▸ **What the task requires**: Which lines of the entries below hold the word "gray"? Report each of them.

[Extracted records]
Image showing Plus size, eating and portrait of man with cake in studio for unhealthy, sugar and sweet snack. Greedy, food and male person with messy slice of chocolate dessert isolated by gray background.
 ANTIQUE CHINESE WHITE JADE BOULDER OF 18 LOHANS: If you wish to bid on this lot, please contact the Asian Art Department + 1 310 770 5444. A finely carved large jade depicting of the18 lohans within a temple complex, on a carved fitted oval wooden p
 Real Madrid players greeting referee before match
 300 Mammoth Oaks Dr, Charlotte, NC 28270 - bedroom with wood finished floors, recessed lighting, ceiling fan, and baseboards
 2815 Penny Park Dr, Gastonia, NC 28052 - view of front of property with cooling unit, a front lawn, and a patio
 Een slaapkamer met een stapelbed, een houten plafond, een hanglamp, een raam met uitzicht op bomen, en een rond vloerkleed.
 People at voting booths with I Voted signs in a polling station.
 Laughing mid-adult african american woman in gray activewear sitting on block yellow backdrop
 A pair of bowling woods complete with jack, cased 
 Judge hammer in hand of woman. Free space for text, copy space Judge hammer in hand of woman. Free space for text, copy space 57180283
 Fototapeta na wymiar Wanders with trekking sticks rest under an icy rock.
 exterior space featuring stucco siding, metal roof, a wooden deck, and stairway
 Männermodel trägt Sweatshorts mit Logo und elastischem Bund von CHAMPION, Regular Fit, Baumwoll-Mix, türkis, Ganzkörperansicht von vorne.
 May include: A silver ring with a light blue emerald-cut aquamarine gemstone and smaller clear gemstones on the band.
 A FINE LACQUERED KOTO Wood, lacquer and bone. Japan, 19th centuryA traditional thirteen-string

▸ **Answer to this exercise**:
Image showing Plus size, eating and portrait of man with cake in studio for unhealthy, sugar and sweet snack. Greedy, food and male person with messy slice of chocolate dessert isolated by gray background.
 Laughing mid-adult african american woman in gray activewear sitting on block yellow backdrop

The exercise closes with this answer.